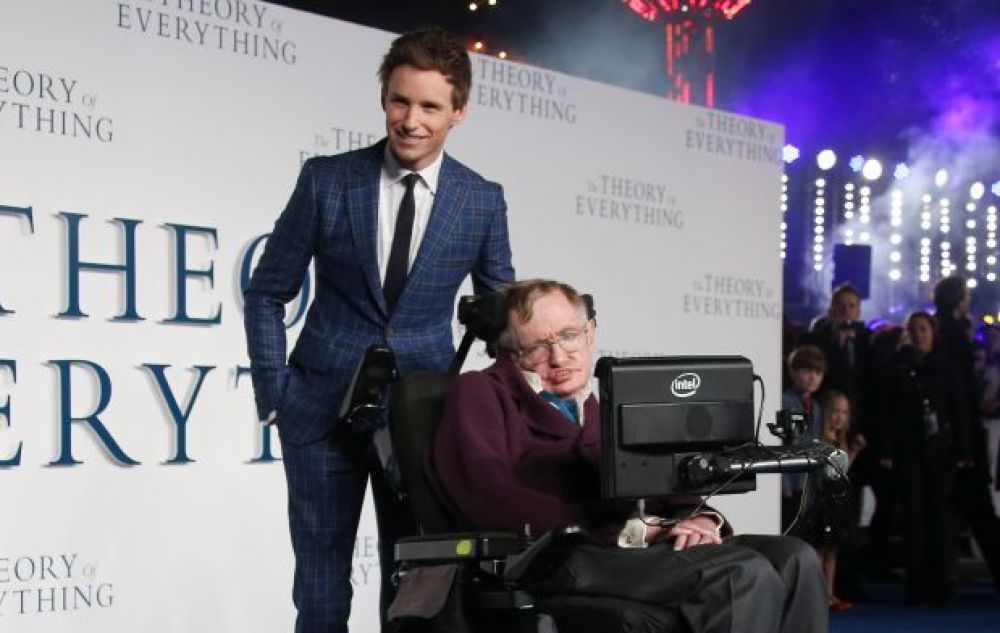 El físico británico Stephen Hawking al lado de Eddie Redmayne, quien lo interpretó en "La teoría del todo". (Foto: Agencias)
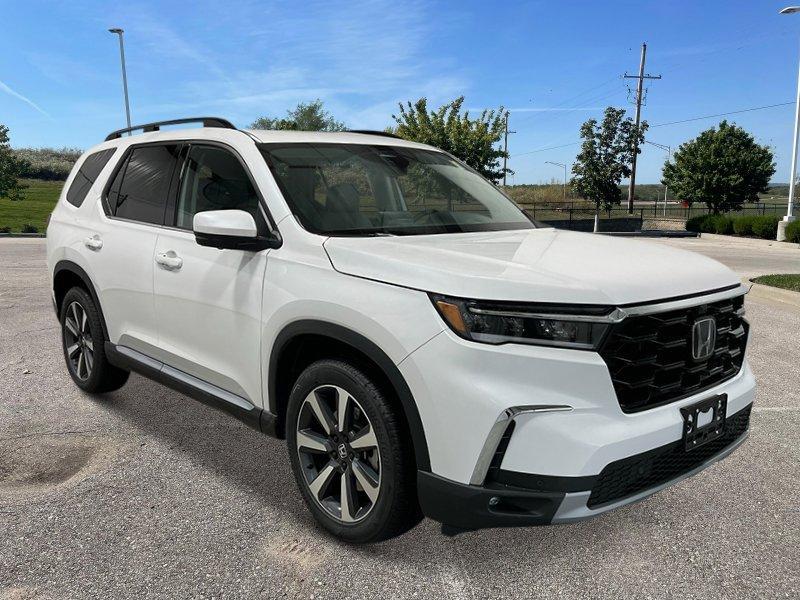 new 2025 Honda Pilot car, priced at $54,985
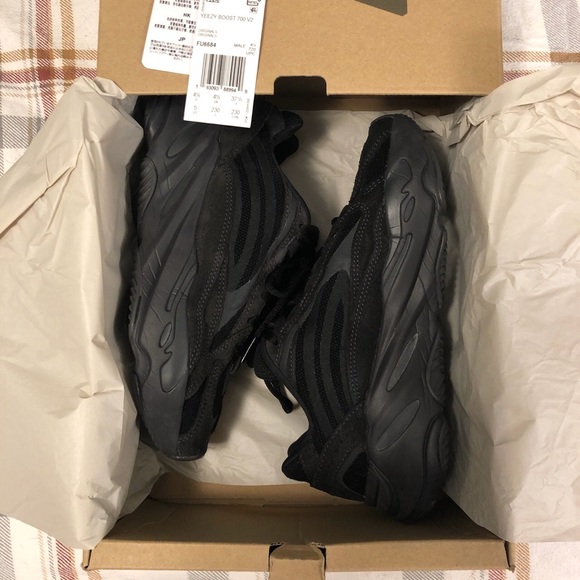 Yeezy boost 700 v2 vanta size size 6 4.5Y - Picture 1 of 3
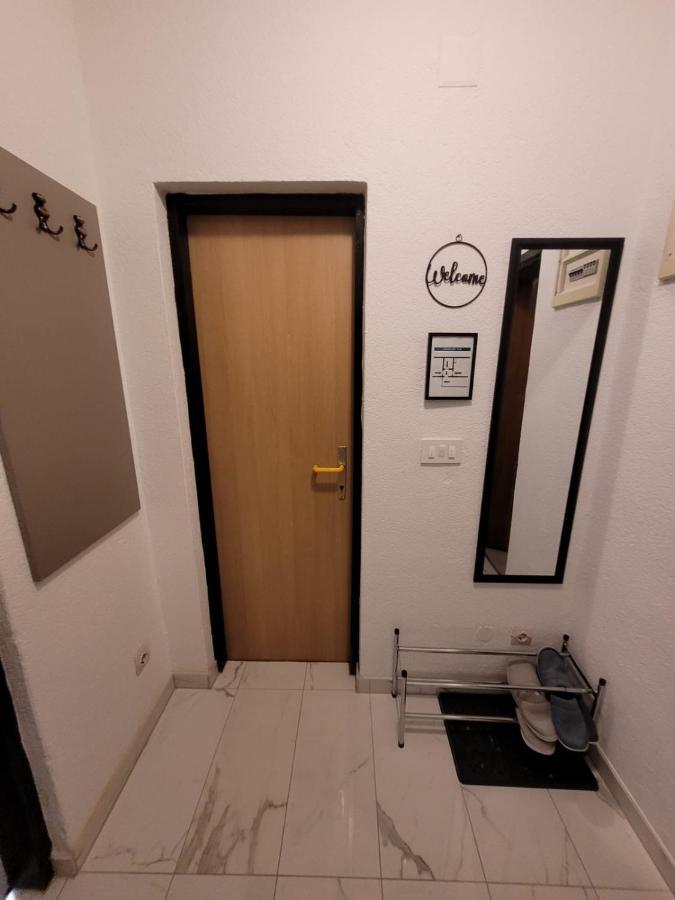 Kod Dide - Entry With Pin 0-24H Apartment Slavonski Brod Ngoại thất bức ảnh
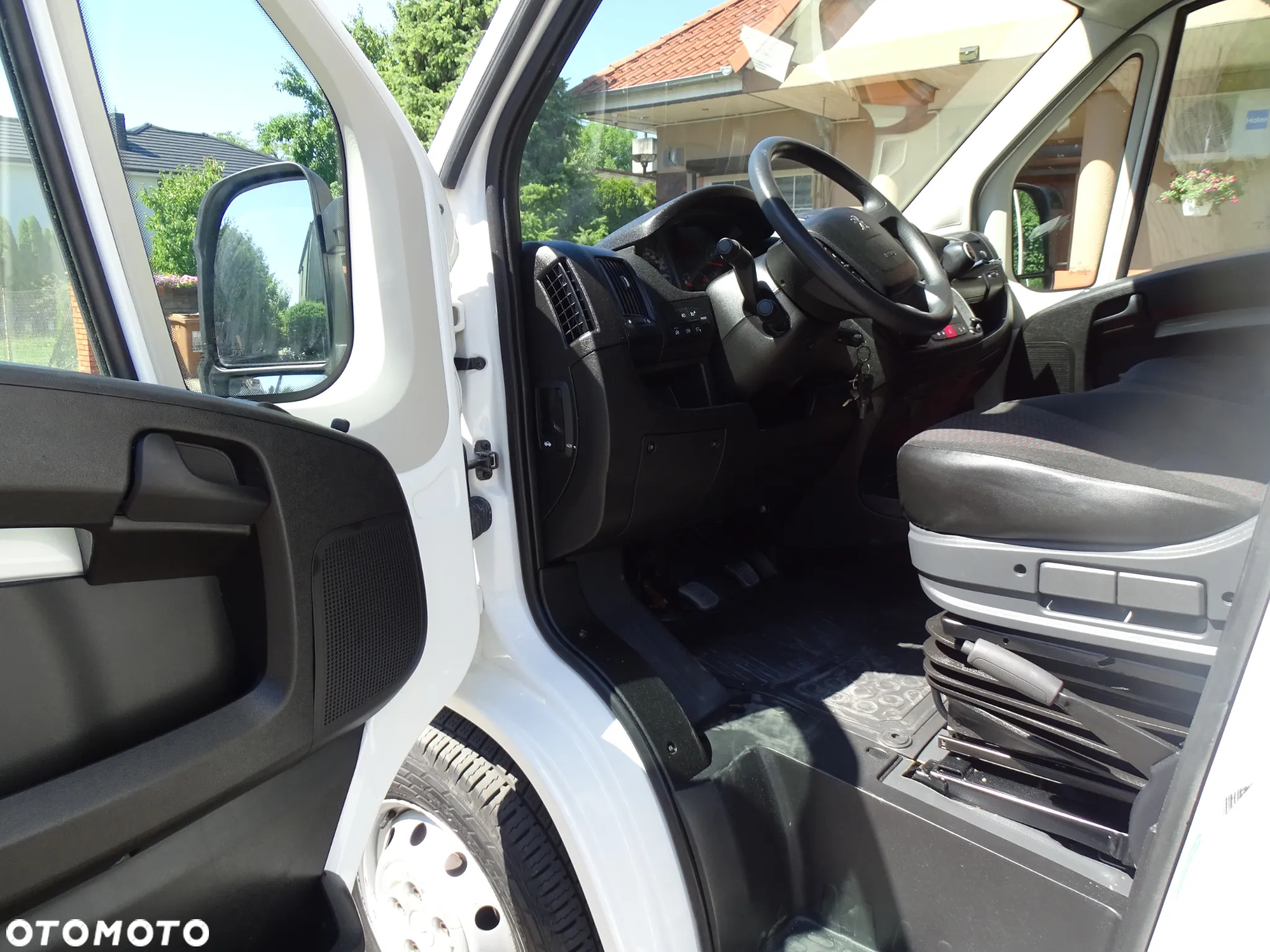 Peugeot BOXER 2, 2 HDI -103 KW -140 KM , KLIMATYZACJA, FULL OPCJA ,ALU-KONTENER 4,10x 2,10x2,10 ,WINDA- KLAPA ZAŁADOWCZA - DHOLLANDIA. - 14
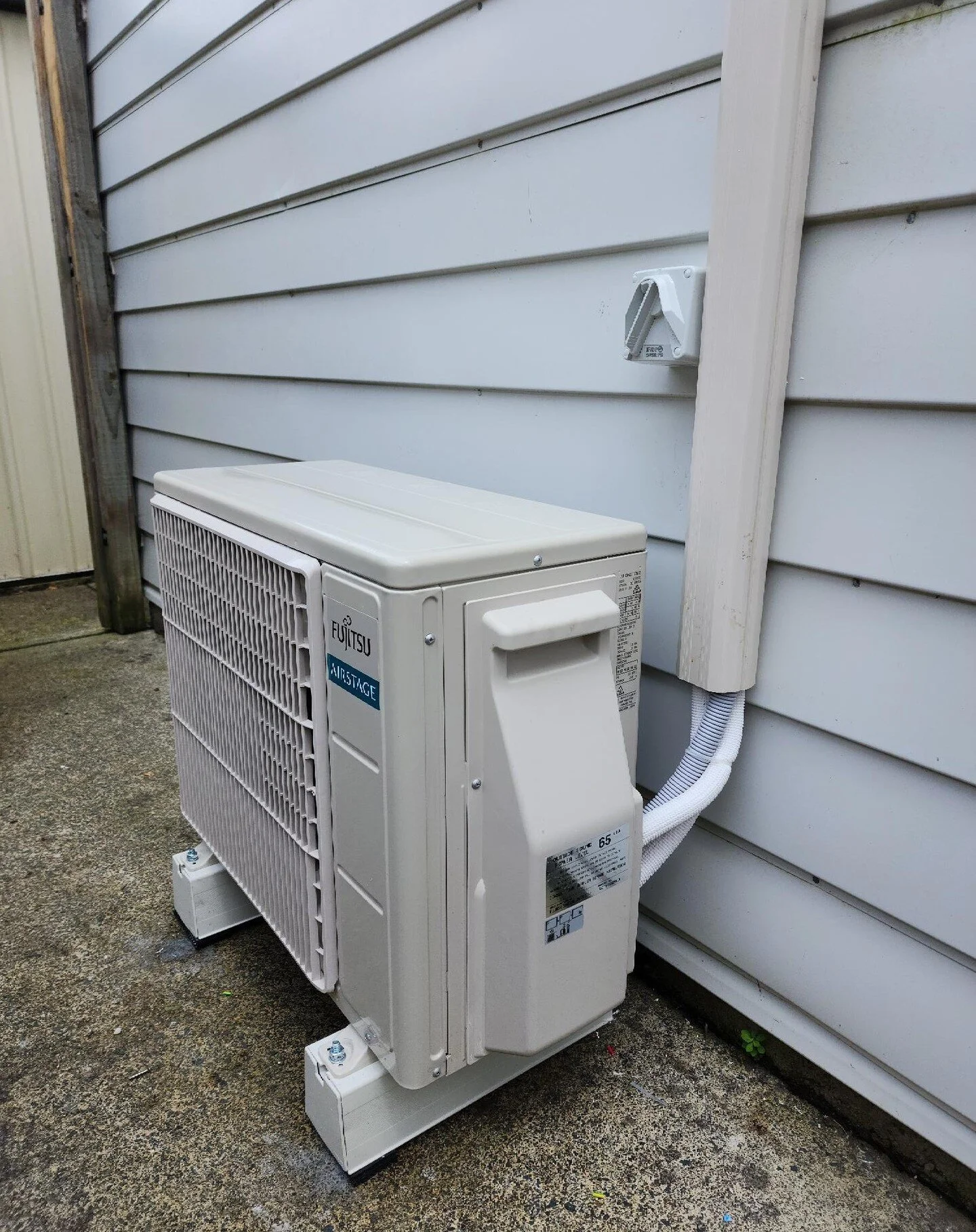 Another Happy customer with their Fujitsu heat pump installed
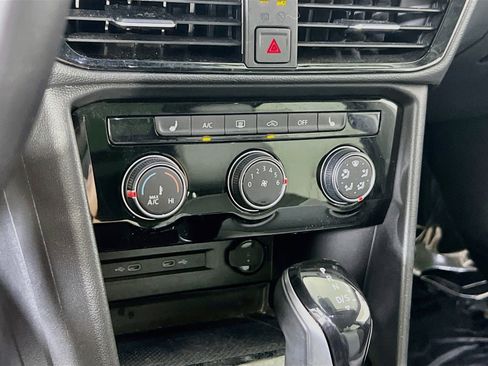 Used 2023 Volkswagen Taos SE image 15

____

Down to the last line, print the material exactly, but not its pictures.

 El físico británico Stephen Hawking al lado de Eddie Redmayne, quien lo interpretó en "La teoría del todo". (Foto: Agencias)
 new 2025 Honda Pilot car, priced at $54,985
 Yeezy boost 700 v2 vanta size size 6 4.5Y - Picture 1 of 3
 Kod Dide - Entry With Pin 0-24H Apartment Slavonski Brod Ngoại thất bức ảnh
 Peugeot BOXER 2, 2 HDI -103 KW -140 KM , KLIMATYZACJA, FULL OPCJA ,ALU-KONTENER 4,10x 2,10x2,10 ,WINDA- KLAPA ZAŁADOWCZA - DHOLLANDIA. - 14
 Another Happy customer with their Fujitsu heat pump installed
 Used 2023 Volkswagen Taos SE image 15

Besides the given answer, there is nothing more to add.